▸ What this task involves
Reproduce exactly the line that contains "Xpand Rally Xtreme (2007) PC | RePack" and every line after it through the end of the records below, leaving out all pictures.

▸ Source data
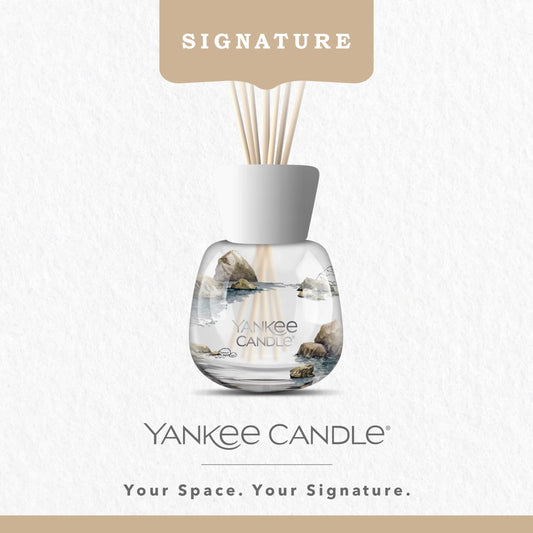 Classic Amber & Sandalwood Reed by YANKee CANDLe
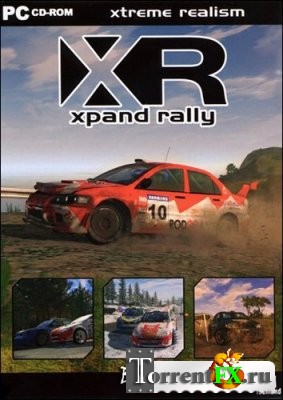 Xpand Rally Xtreme (2007) PC | RePack
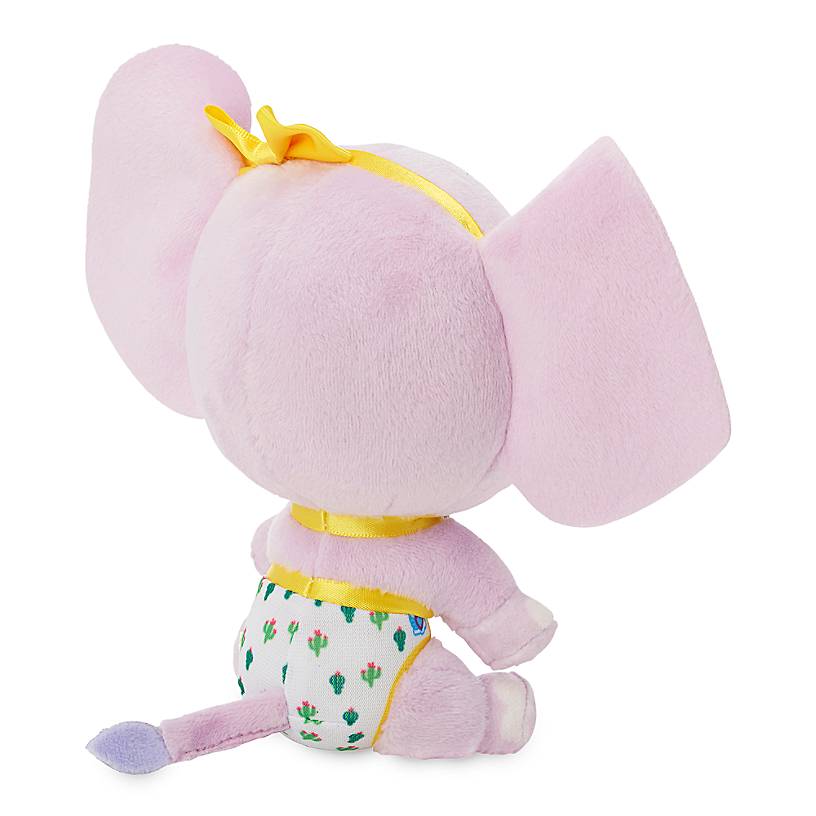 Disney T.O.T.S. Ellie the Elephant Small Plush New with Tags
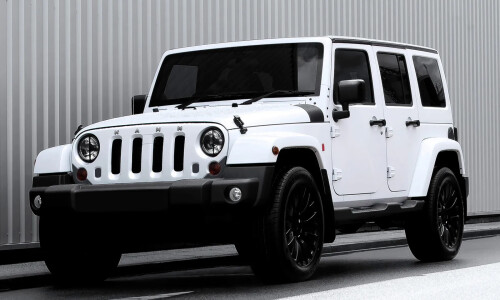 Jeep Wrangler #9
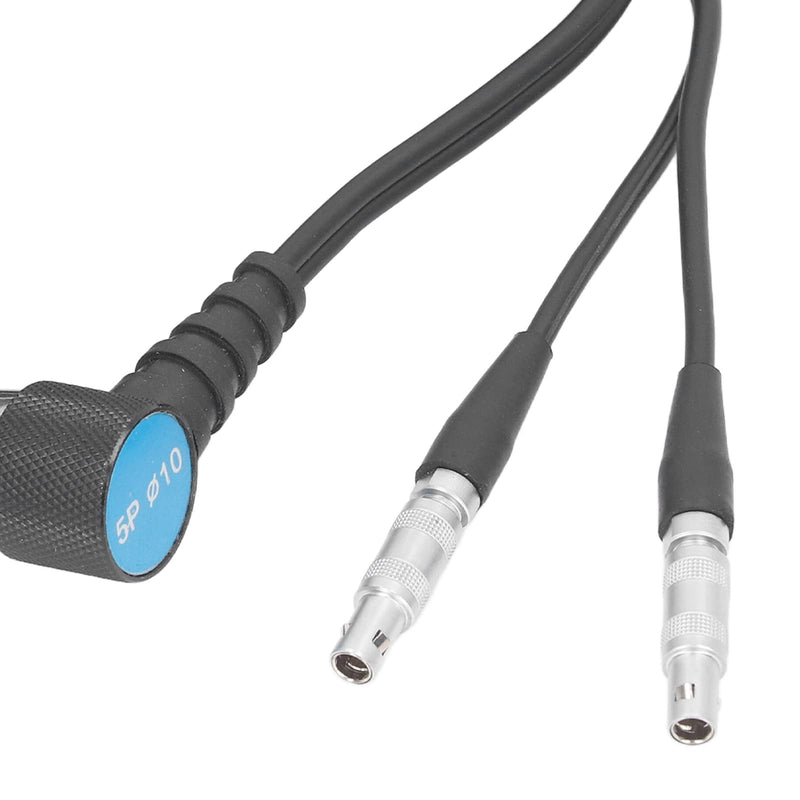 Ultrasonic Thickness Probe, Portable Accurate Replacement Transducer for Job Site Testing ABS Standard Sensor 1 Piece Compatible with Ultrasonic Thickness Gauge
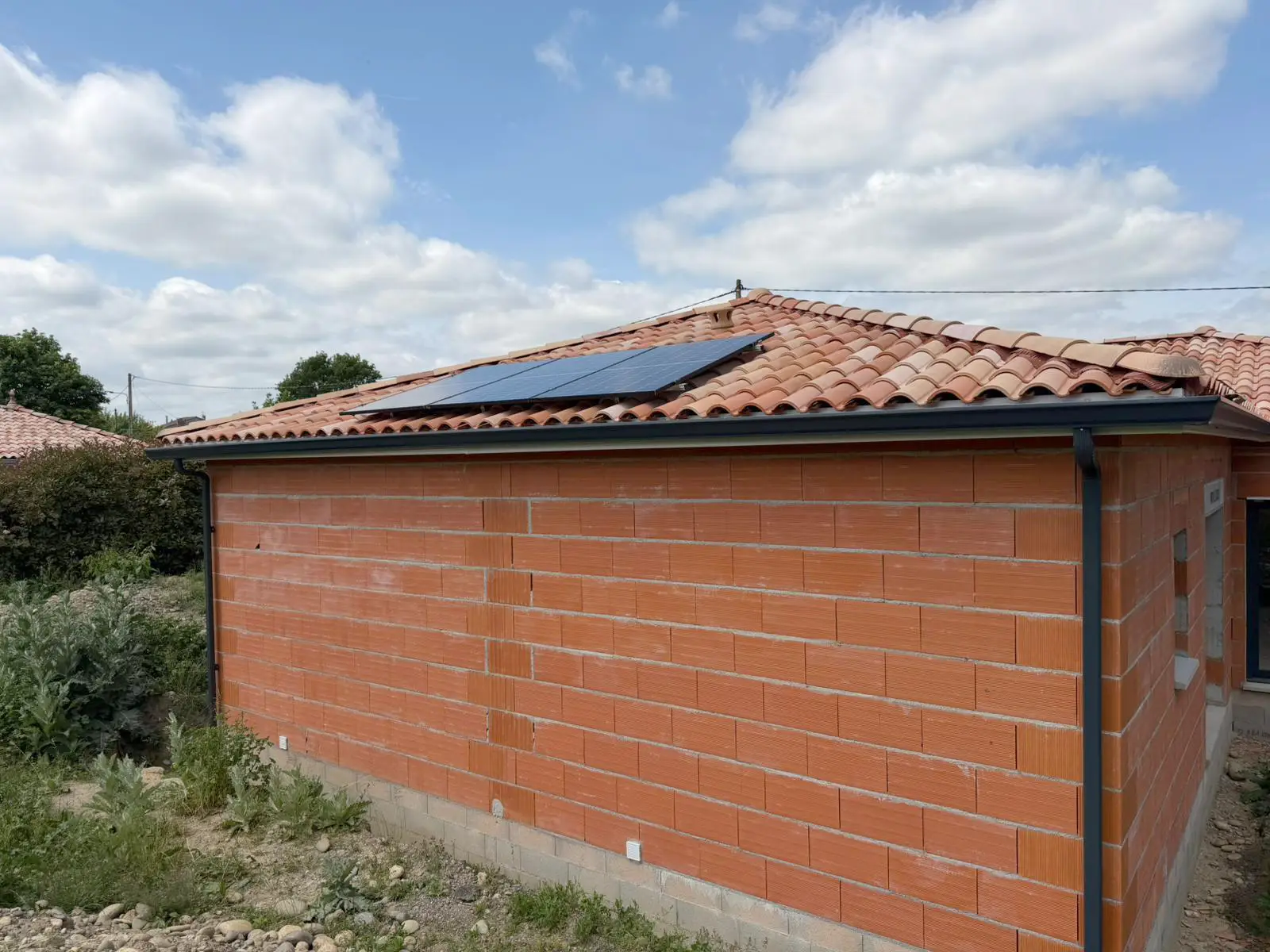 Installation Solaire Muret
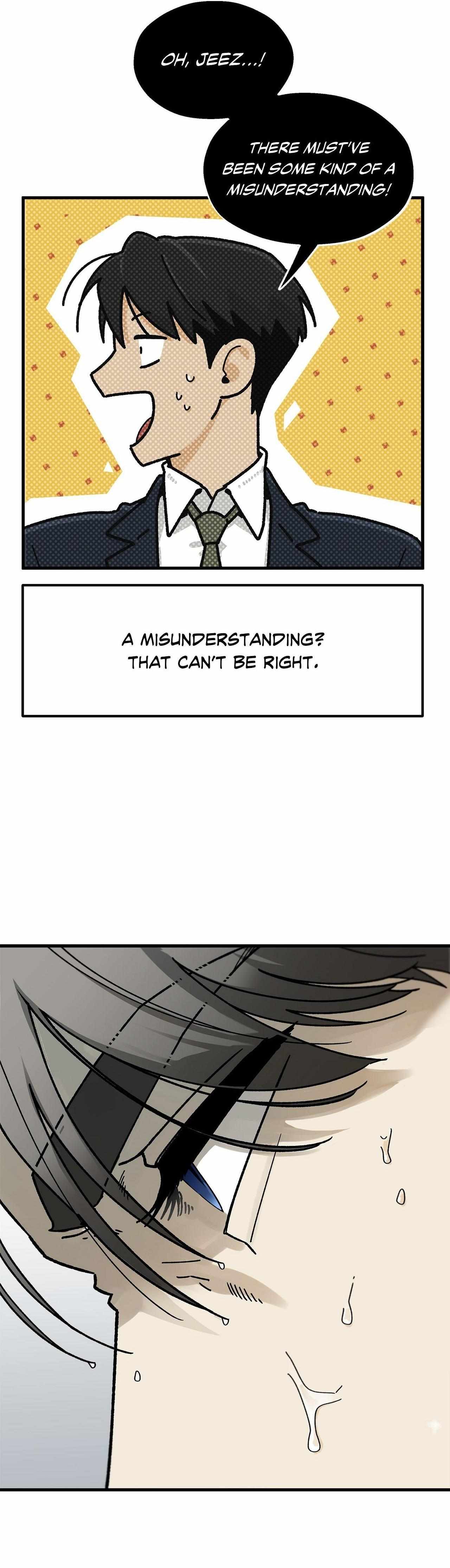 Read Office Hero chapter 10 image 36 on Lezhin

▸ Answer section
 Xpand Rally Xtreme (2007) PC | RePack
 Disney T.O.T.S. Ellie the Elephant Small Plush New with Tags
 Jeep Wrangler #9
 Ultrasonic Thickness Probe, Portable Accurate Replacement Transducer for Job Site Testing ABS Standard Sensor 1 Piece Compatible with Ultrasonic Thickness Gauge
 Installation Solaire Muret
 Read Office Hero chapter 10 image 36 on Lezhin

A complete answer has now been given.